APSN Banner

Indonesians sceptical of Suharto suit success

Source
Agence France Presse - July 10, 2007

Bhimanto Suwastoyo, Jakarta – A 1.5-billion-dollar civil suit filed against Indonesia's ex-dictator Suharto is a political move to appease government critics and comes too late to retrieve missing money, analysts said Tuesday.

The suit was filed on Monday against Suharto and a foundation that he chaired during his 32-year rule of Indonesia, and follows the abandoning of a criminal suit against the former strongman last year on grounds of ill health.

Suharto is 86 and spends his days as a near-recluse at his family's compound in Jakarta. Transparency International estimates he embezzled 15 to 35 billion dollars during his iron-fisted rule.

He sits at the top of their list of corrupt political leaders, trailed by the Philippines' ex-president Ferdinand Marcos, who squirrelled away less than a third of that.

Monday's suit seeks to recover 440 million dollars allegedly channelled through the foundation from public and private sources to prop up companies run by Suharto's clan and cronies, plus 1.10 billion dollars in damages.

Prosecutors have said the progress of the case will determine whether they lodge similar suits against six other foundations Suharto is alleged to have similarly misused.

But analysts doubted the case would bring Suharto to justice. They saw it instead as a deft political move by President Susilo Bambang Yudhoyono, who needs to be seen to be doing something after being elected on an anti-corruption platform in 2004.

"What they are after is a political effect – that they are seen as being serious about dealing with Suharto. That is all, nothing more," said Asmara Nababan, who chairs the Centre for Democracy and Human Rights.

He said the government should have pushed on with the criminal lawsuit and held a trial with Suharto in absentia. A civil suit would also take much longer to complete, he said.

"It will not be finished in five, ten years, and its economic effects will be negligible," he predicted.

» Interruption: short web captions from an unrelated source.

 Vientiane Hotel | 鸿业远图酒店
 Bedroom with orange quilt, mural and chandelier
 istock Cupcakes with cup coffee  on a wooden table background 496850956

I Gusti Agung Putri Astrid Kartika, who chairs the Institute for Policy Research and Advocacy (Elsham), said she saw no point in the civil suit, given that the transactions were legal at the time they took place.

"As you know, during Suharto's time, regulations and laws concerning private foundations were very lax," Kartika said.

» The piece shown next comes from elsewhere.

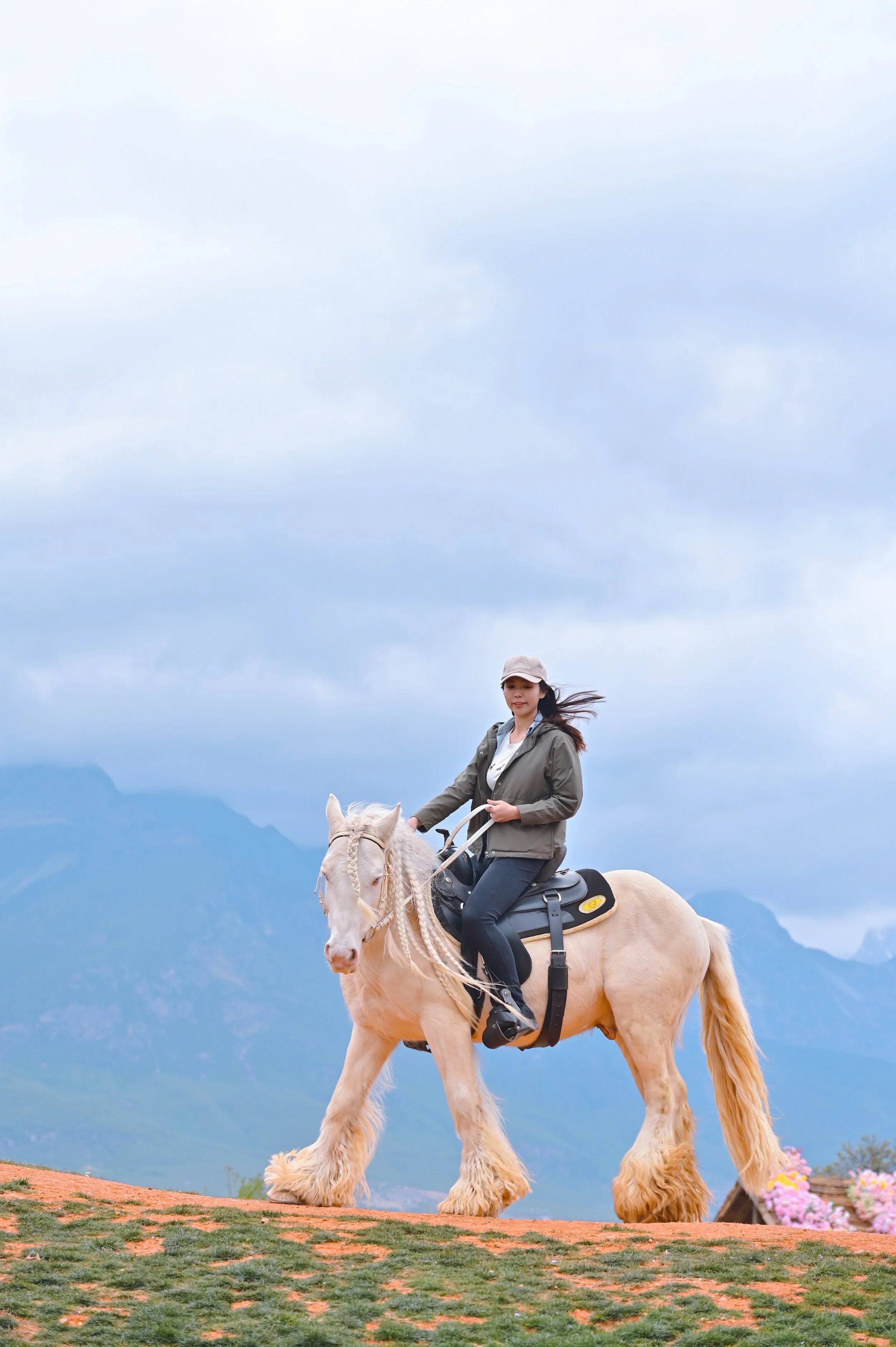 A woman riding a white horse with a mountain landscape and cloudy sky in the background. The horse has long, flowing hair and the woman is wearing casual outdoor clothing, including a gray cap and jacket.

Amiruddin, an Elsham coordinator, added that the suit was "just candy for the people, just to present an image to the public of them working hard (on the Suharto case), while actually they are not."

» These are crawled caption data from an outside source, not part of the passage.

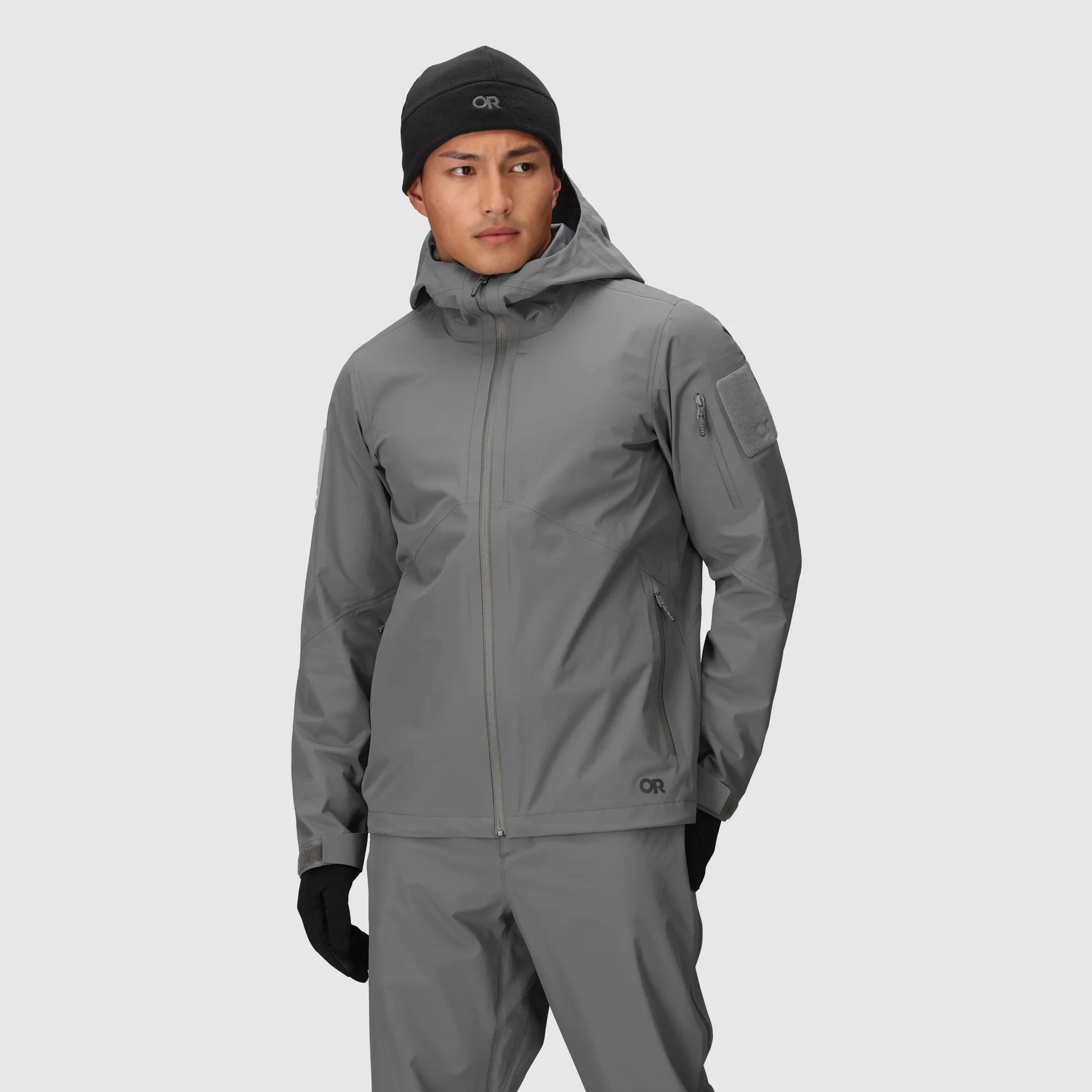 Person wearing a gray raincoat and pants on a light gray background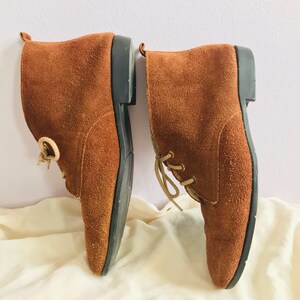 May include: A pair of brown suede ankle boots with laces. The boots have a rounded toe and a low heel.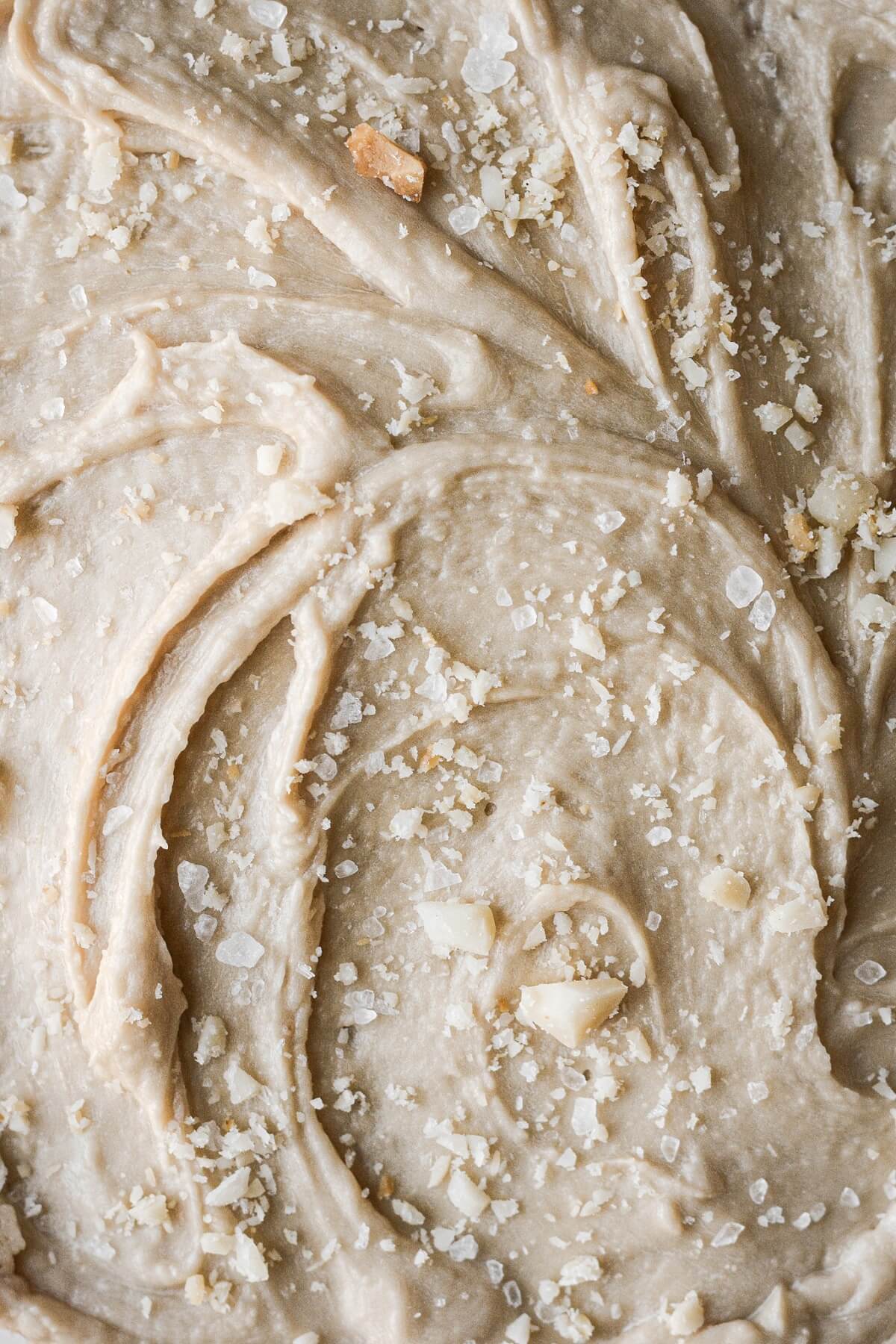 Penuche frosting with chopped macadamia nuts.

The case is being brought by a new attorney-general appointed in May in a reshuffle seen as an attempt by Yudhoyono to reinvigorate efforts to crack down on corruption.

Dewi Fortuna Anwar, director of research at the Habibie Centre think tank, said that while some big names have been punished by a very slowly reforming judiciary system, Suharto was unlikely to join them.

The success of this civil suit will "depend very much on whether the prosecutors are very serious about it," she told a panel discussion marking 10 years since the Asian financial crisis, which precipitated Suharto's downfall.

"What happens sometimes is that the prosecutors bring it to court but they do it in such a way that it's thrown out of court by the judges, so they have to go back to construct it," she said.

"Frankly I'm not holding my breath... I don't think we're going to see a day where Suharto is going to testify in court. His doctor will not allow it because he will be very ill on that day," she quipped.

The Suharto family has remained largely untouchable in the near decade since the dictator's political power was supposed to have waned.

Suharto's son Tommy was freed from prison last year after serving just a third of the 15-year term he was originally handed in July 2002 for ordering the murder of a Supreme Court judge.

But he has escaped trial over allegations that he corruptly amassed millions during his father's rule.